Jika muncul lebih dari tiga pasangan, konstelasinya mirip dengan pemilihan presiden 2004. Saat itu terdapat lima pasangan calon presiden-wakil presiden, sehingga masing-masing hanya mendapat sokongan sedikit partai. Tapi jumlah partai penyokong pada tahap ini tidaklah menggambarkan kekuatan politik seorang calon presiden. Secara teoretis, koalisi penyokong SBY-Boediono pada 2009 lebih kuat dibanding SBY-Jusuf Kalla pada 2004. Tapi pada prakteknya sama-sama rapuh. Koalisi yang dijalin menjelang pemilihan presiden ataupun sebelum pembentukan kabinet tak bisa menghasilkan pemerintah yang solid.
Problem seperti itu juga akan dihadapi oleh siapa pun presiden yang terpilih dalam Pemilu 2014. Koalisi terasa hanya basa-basi dan lebih bertujuan untuk mendapatkan jatah kursi menteri. Lewat kekuasaannya di parlemen, partai penyokong koalisi tetap tidak risi mengusik pemerintah.
Pemilu serentak pada 2019 pun diperkirakan tidak menghilangkan kebiasaan buruk itu. Padahal hakim konstitusi mengasumsikan putusan ini bisa memperkuat sistem presidensial atau menghasilkan pemerintah yang lebih kukuh. Kasak-kusuk seperti sekarang jelas akan hilang karena pemilu legislatif dan pemilu presiden dilakukan bersamaan. Tapi, setelah pemilu, presiden terpilih akan tetap berusaha membangun koalisi lagi. Biasanya, partai yang kalah tidak malu-malu pula masuk kabinet.

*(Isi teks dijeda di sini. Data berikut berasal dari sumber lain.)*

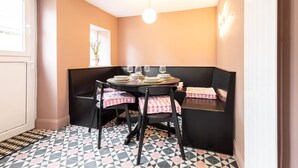 A dining area with a round table, black chairs, and a checkered tablecloth. - Host Stay Bankfoot Cottage (Newcastle-upon-Tyne)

Keadaan itu sulit diubah lantaran publik pun tidak menghukum partai yang plinplan atau partai penyokong pemerintah yang berkinerja kurang bagus. Lihat saja perolehan partai politik pendukung pemerintah pada pemilu kali ini. Kecuali Demokrat dan PKS yang redup karena didera sejumlah kasus korupsi, perolehan suara partai seperti Golkar, PKB, PPP, dan PAN justru naik. Sesuai dengan hasil hitung cepat lembaga Cyrus-CSIS, total suara partai pendukung pemerintah SBY bahkan masih mencapai 55 persen, mengalahkan total perolehan suara partai di luar pemerintah yang hanya 45 persen.
Fenomena itu menyulitkan pembentukan pemerintah yang disokong oleh koalisi yang solid dan kuat. Partai politik akan cenderung menghalalkan sikap tidak konsisten, enggan menjadi oposisi, dan lebih suka menjalin koalisi sekadar buat mendapatkan jatah kursi di kabinet.